START Supplied material

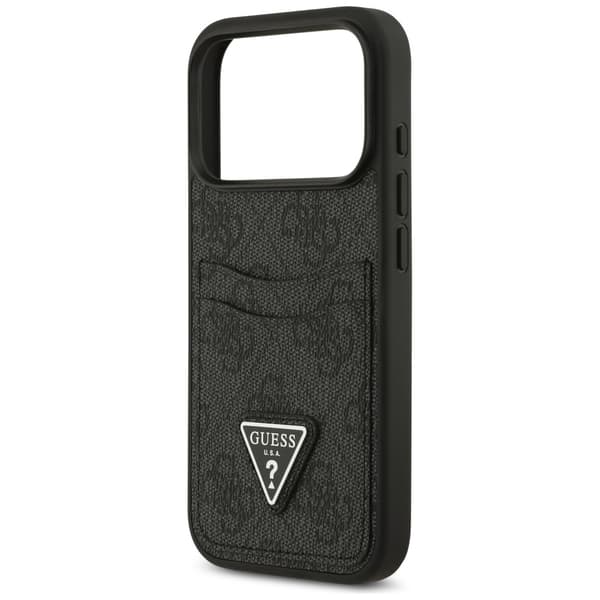 Guess 4G Double Card Triangle cover til iPhone 17 Pro, sort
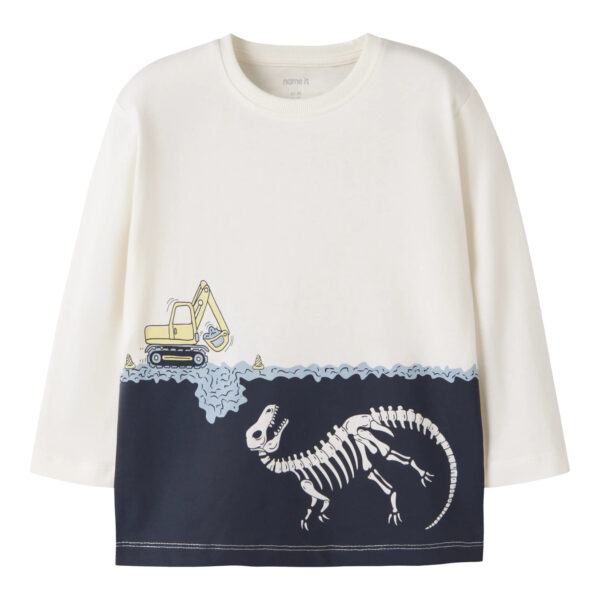 NAME IT Bluse Vilasse Cloud Dancer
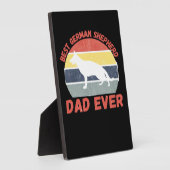 Plaque Photo Best German Shepherd dad ever quote Funny Shepherd (Côté)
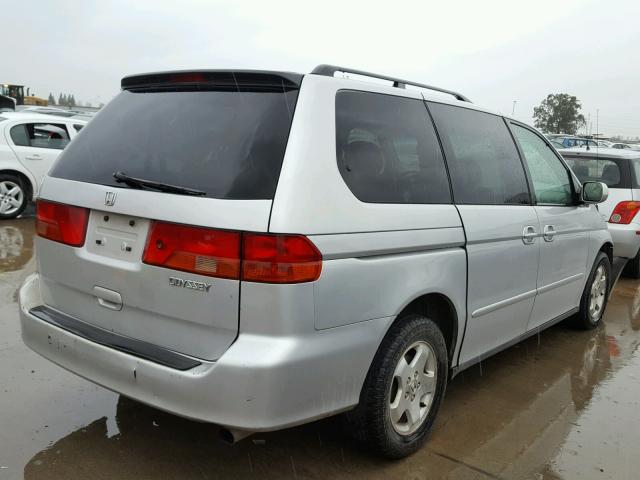 2HKRL18691H598476 - 2001 HONDA ODYSSEY EX GRAY photo 4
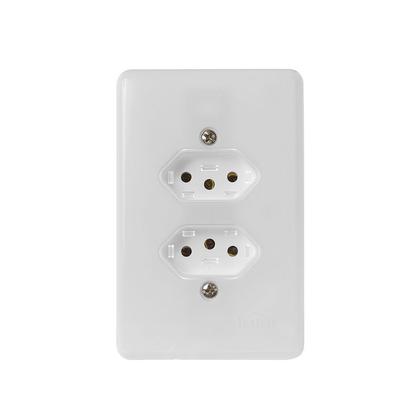 Imagem de Tomada Fixa de Emb Bipolar 2 Tomadas 2P + T 10A 250V Ilumi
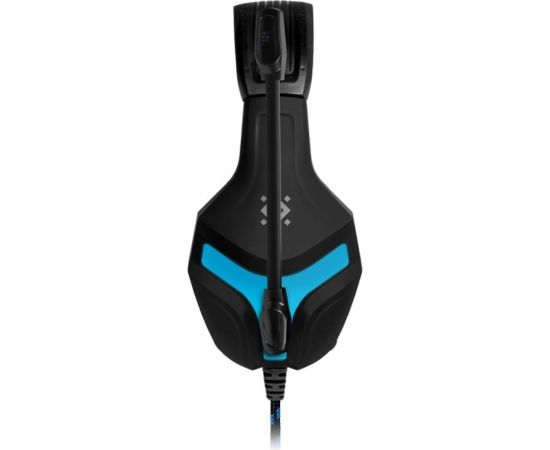 Headphones with microphone DEFENDER SCRAPPER 500 black & blue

END Supplied material

Reproduce the lines from the line containing "2HKRL18691H598476 - 2001" through the end of the records above, exactly and inclusively, omitting pictures.

 2HKRL18691H598476 - 2001 HONDA ODYSSEY EX GRAY photo 4
 Imagem de Tomada Fixa de Emb Bipolar 2 Tomadas 2P + T 10A 250V Ilumi
 Headphones with microphone DEFENDER SCRAPPER 500 black & blue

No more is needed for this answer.